UPDATE 11:14 PM my time - Reports are now that a very small amount of contaminated water leaked out of the reactor and into the Sea of Japan. In addition, another M6.8 quake hit the same region, farther out at sea and fairly deep (316 km according to the USGS, compared to the earlier one at 55km,) so we'll see if it does much damage.
4 comments:
In particular, I am always looking for how people react in the videos. Most of the time people look confused and rarely do they do what they are supposed to do. Never having been in a large earthquake, I am in no position to criticize, but maybe it says something about our earthquakle preparedness?
Heh. I was in the 1989 Loma Prieta earthquake, after having been in California for a grand total of three weeks... for graduate school in geology. Because I had ended up in charge of distributing the earthquake preparedness advice to my on-campus house, I ran to the door* of my room. And then I spent the entire quake sitting wedged into the door, yelling "Is this an earthquake? Is this an earthquake?"

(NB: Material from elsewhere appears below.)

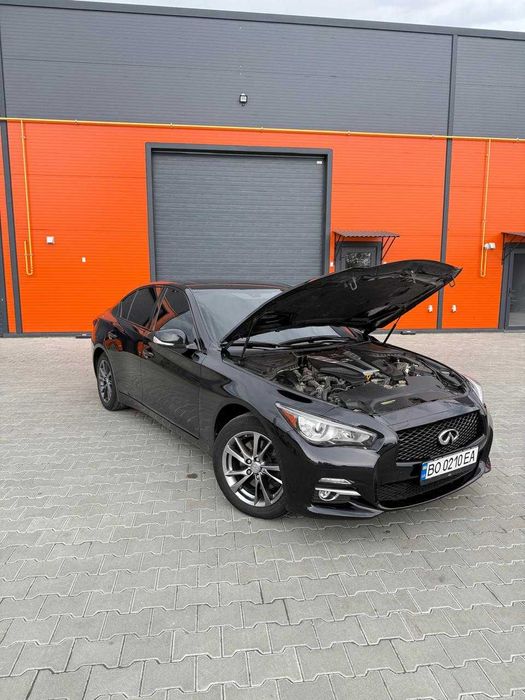 Infiniti Q50 (base) 2017 3.0t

So. Prepared? Not mentally, that's for sure, despite knowing darn well that I had chosen to go to grad school next to a plate boundary.

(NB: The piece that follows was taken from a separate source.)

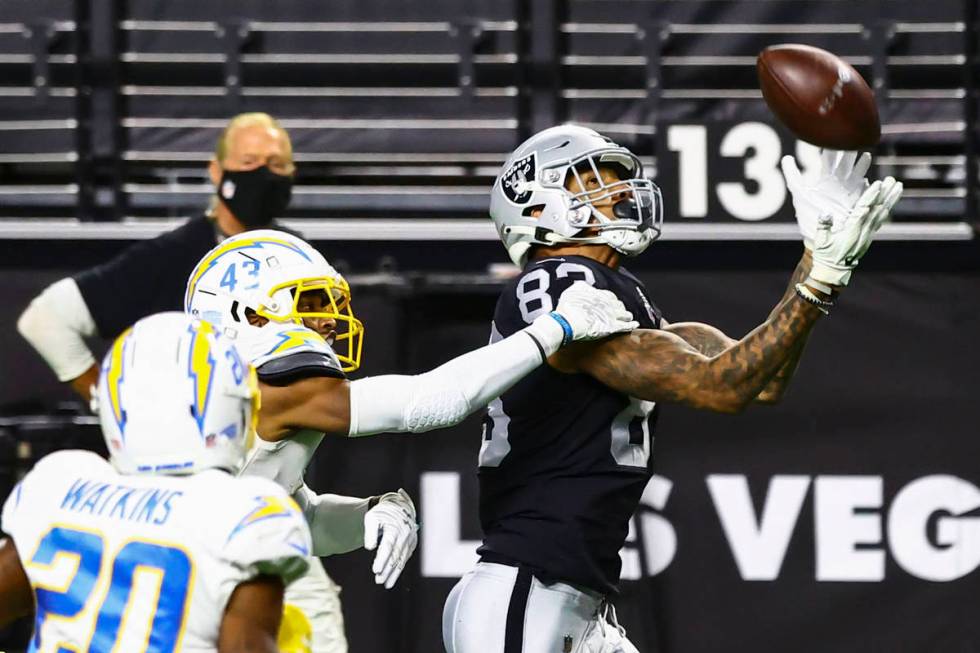 Raiders tight end Darren Waller (83) makes the catch on the way to score a touchdown past Los A ...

I've gotten a lot of mileage out of that experience when teaching intro classes, though.
* The USGS no longer advises going to a door. I think the guys in Menlo Park watched the doors swinging, and realized that maybe the doorways weren't such a good place, after all.

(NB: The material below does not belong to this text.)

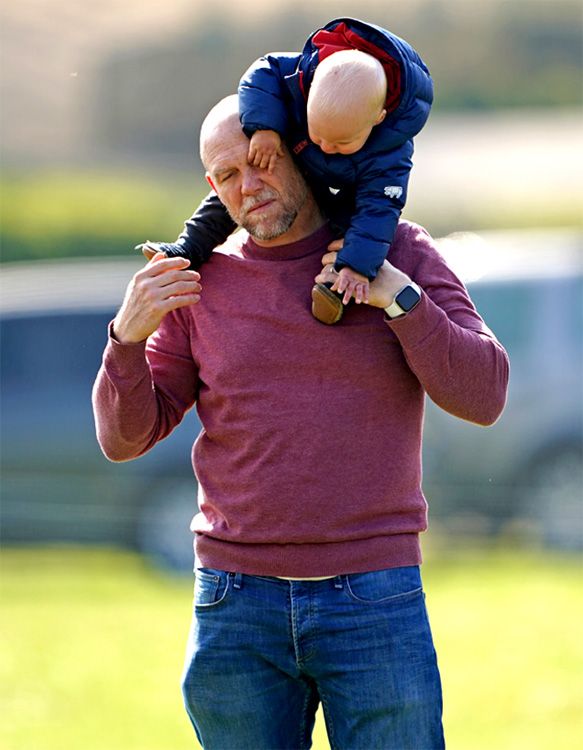 Mike Tindall con su bebé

In my time in grad school in the bay area I only experience 1 moderate sized quake, and the whole time I kept thinking it was probably just CalTrain passing by my apartment. One of the more amazing reactions I ever saw on camera was this one from UC Santa Cruz, during the loma prieta quake. You can see a student in the front row dive under a desk with the first shake, the reaction time is just absurd. I think I'd probably be more like the dude in the back who just stands up and watches the lights fall down.
What I am even more embarrassed about though is how pathetic my "emergency kit" was at home. Something that I could have totally prepared for, having water, food, batteries, etc. all packed up in a safe place. I rarely had anything that would have helped much, and the one time I did made a kit I dipped into it one summer when my paycheck got seriously delayed, and never bothered replenishing the canned soup.
if not a doorway, where the hell is the USGS recommending you go in the event of an earthquake? helicopter? nebraska? this is pertinent to my well-being, as i live in the "city that waits to die." yet i still don't have an emergency kit, just two giant empty water bottles gathering dust in my closet. might have some canned baked beans in the cupboard, not sure though.
I believe the USGS recommends a bike helmet, rec-specs, and nose plugs. Other helpful outfits include those sumo wrestling suits they have at bars, and/or filling your apartment with bouncy balls.
And seriously dude, get the emergency kit, at least you can have stuff to sell at a huge mark up when the big one does hit.